The Crhoy director received police assistance following the threats against her in the same case and denounced on multiple occasions the blockade carried out by the Executive Branch of her media outlet ordered by President Luis Guillermo Solís and Presidency Minister Sergio Alfaro, who on social media did not fail to take advantage of the opportunity to discredit her without any basis whatsoever.

Solís rebuked the national media, saying that the revelations of the case were ill-intentioned against his administration and adding, "I have them identified, I know who they are."

Another of the points that denounced occurred during the political campaigns for the 2018 presidential elections, Costa Rican politicians used social media to establish a unilateral communication with the electorate, without allowing questioning by the independent press. The strategy was not successful, mostly because important sectors of the press refused to echo the unilateral messages.
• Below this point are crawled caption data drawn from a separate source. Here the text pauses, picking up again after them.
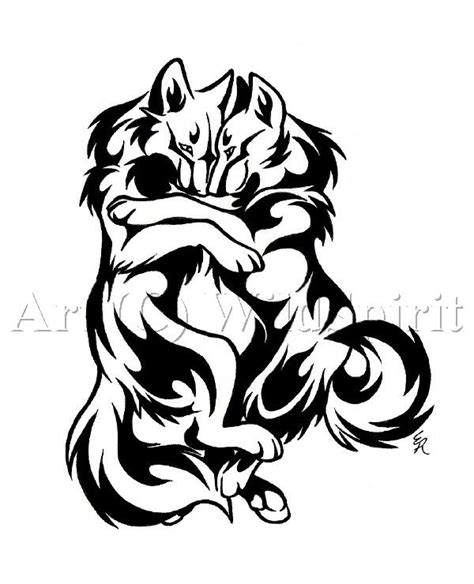 Cuddle Wolves Tattoo Design By Wildspiritwolf Wolf Tattoo Design
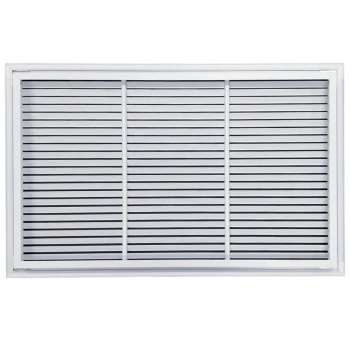 AirGuide RF-2FS 30x18 Return Air Filter Grille WHITE Screw Holes IN NECK of Unit NO Screw Holes in Face back view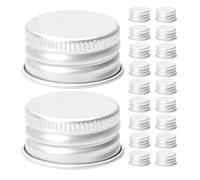 SHINEOFI 100 Tappi per Bottiglie a Vite in Alluminio 18X13 MM Coperchi Ermetici Filettati Riutilizzabili per Mini Contenitori Trasparenti Chiusura a di Perdite per Uso Domestico e Viaggi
In the three phases of the electoral campaign – the internal conventions of the parties, the first electoral round and the final round – there were strong attacks on news media and journalists. The most intense ones, which included threats and campaigns to cancel subscriptions or cease viewing a television channel, were given in the final stage. In many cases the attacks had as the target the editors of La Nación and Telenoticias of Canal 7 television.
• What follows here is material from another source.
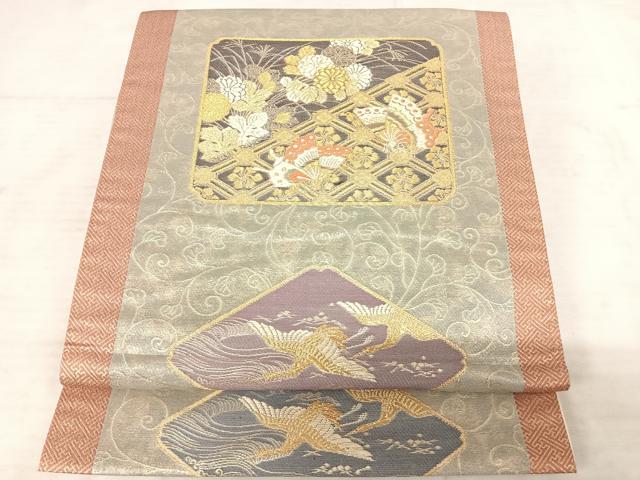 平和屋着物◎六通柄袋帯　唐織　色紙花鳥文　蝶　金糸　正絹　逸品　AAAT6057yx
A politician branded the newspaper La Nación as a "diabolical rag" and its journalists as "psychopaths." He went on to say that if he assumed the Presidency that media's print edition would cease circulating in a year, afterwards he clarified that the newspaper would stop circulating because it is not profitable. He also mounted an attack against the University Weekly of the University of Costa Rica and television station Repretel. His declarations were condemned by the Costa Rica Journalists Guild.

The First Report on the State of Freedom of Expression, drawn up by the Program of Freedom of Expression, Right to Information and Public Opinion (PROLEDI) and the Communication Investigations Center (CICOM), of the University of Costa Rica, revealed in January that the media groups with greatest concentration are those that receive most official advertising. Between 2015 and 2016 REPRETEL-Albavisión (Ángel González) and Televisora de Costa Rica (TELETICA) are those that received most official advertising, some $4 million each.
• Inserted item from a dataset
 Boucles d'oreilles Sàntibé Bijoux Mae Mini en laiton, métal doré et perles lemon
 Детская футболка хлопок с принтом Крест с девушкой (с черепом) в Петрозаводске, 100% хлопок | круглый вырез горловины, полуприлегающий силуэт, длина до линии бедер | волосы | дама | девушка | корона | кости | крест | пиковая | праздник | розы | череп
A total of 60% of the TV channels in the country are profit-driven, of this number Ángel González' group has more than 20% of the commercial television channels and TELETICA 11.6%.

In November the Human Rights Commission of the Legislative Assembly passed a bill that would promote transparency within the government apparatus and access to public information by the citizenry, which scares because among the articles it gives a very important role to the government's TV channel to control content and also gives abusive time slots to public institutions to answer journalists' questions.

It is not possible that a country with too much bureaucracy still wants to implement an additional office within the ministries to say who and when to deal with the questions of the media, giving the administration all the public information to officials who do not know how to handle the press nor the importance of the people's right to be duly informed.

In addition, there exist two bills promoted from the Executive Branch called Law on Freedom of Expression and of the Press and Law on Access to Information that limit the practice of journalism and go against the independence of the Costa Rican media, giving powers to the govenrment that do not correspond to it beyond its role of caretaker of human rights.

Most of the national media oppose the proposal, considering it abusive and reiterative of the more than 30 juridical regulations and the rulings of the Constititional Tribunal that already support access to public information in Costa Rica.

The Elections Supreme Tribunal of Costa Rica ruled that news media cannot censor messages of political groups that are contracted through paid fields in electoral processes but very rightly they exempt them from civil solidarity responsibility in the face of eventual lawsuits.